ACTIVITY. Whenever the word "Logo" appears in a line of the listing, copy that line.

THE RECORDS.
###
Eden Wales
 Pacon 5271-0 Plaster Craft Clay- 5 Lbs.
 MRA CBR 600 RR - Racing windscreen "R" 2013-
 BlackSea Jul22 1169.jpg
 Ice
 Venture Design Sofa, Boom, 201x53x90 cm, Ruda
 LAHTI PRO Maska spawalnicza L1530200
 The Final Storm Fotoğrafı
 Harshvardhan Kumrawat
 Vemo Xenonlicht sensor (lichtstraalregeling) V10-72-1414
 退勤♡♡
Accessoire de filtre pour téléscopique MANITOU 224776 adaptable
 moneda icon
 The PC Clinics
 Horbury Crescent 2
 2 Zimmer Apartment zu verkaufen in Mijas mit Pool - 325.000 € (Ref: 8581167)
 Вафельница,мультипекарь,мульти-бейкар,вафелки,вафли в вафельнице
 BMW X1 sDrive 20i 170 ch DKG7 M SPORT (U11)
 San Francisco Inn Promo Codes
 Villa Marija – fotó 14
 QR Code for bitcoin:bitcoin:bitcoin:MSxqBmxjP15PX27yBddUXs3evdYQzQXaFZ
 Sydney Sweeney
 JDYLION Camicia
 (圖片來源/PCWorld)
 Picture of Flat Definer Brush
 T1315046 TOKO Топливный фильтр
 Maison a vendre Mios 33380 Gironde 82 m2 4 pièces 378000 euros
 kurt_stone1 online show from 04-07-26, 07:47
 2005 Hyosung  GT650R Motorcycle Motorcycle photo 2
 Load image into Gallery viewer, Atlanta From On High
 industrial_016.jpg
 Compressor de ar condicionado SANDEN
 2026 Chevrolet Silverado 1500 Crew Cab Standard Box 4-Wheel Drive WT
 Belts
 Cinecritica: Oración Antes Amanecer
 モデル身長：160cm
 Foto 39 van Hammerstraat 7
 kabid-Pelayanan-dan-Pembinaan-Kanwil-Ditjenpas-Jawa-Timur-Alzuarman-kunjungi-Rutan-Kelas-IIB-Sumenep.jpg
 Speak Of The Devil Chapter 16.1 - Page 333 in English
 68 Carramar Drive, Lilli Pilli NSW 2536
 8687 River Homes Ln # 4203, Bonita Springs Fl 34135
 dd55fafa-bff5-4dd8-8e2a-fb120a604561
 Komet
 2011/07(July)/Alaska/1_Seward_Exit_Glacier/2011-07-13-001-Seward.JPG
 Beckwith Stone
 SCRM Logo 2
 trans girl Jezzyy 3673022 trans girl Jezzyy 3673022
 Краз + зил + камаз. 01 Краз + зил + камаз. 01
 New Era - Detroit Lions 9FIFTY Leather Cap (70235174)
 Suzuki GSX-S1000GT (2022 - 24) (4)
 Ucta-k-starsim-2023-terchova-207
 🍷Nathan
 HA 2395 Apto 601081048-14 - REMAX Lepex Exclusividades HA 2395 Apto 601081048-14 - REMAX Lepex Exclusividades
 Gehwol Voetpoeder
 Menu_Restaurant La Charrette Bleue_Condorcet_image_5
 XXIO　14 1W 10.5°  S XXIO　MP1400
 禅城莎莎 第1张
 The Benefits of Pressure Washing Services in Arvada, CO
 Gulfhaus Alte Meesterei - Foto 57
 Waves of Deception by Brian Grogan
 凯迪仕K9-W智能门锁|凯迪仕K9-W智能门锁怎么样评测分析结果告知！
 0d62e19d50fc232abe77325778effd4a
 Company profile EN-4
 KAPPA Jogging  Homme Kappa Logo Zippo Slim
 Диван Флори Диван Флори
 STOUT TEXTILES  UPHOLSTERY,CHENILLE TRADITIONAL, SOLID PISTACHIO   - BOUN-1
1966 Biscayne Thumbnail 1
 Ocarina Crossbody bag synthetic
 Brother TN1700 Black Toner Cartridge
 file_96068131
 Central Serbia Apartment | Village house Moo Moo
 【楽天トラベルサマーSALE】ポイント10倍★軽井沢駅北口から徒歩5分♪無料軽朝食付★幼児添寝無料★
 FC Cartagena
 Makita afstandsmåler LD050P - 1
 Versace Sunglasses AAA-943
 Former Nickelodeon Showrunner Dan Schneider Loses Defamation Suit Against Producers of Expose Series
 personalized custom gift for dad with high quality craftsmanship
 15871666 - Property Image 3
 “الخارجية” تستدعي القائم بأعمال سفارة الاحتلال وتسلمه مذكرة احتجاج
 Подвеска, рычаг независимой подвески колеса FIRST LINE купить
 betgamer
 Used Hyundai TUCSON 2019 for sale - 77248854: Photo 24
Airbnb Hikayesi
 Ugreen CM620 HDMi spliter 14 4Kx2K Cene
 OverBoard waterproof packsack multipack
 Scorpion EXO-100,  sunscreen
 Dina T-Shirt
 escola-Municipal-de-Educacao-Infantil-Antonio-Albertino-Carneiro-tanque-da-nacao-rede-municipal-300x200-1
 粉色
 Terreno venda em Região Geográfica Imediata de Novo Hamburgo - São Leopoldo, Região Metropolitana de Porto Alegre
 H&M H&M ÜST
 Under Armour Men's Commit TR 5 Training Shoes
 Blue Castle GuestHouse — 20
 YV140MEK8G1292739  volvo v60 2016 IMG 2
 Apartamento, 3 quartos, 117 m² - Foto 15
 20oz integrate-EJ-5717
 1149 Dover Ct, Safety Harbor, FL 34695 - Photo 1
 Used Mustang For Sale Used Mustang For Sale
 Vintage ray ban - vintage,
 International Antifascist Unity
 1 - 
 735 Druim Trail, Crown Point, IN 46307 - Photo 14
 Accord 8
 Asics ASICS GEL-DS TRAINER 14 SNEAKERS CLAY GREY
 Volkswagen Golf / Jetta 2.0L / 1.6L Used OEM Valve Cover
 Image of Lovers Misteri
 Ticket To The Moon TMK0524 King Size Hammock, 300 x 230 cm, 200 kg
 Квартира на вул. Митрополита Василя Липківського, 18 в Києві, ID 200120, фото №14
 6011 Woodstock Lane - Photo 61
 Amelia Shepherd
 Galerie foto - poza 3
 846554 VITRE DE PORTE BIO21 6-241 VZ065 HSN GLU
###
EXPECTED ANSWER.
 SCRM Logo 2
 KAPPA Jogging  Homme Kappa Logo Zippo Slim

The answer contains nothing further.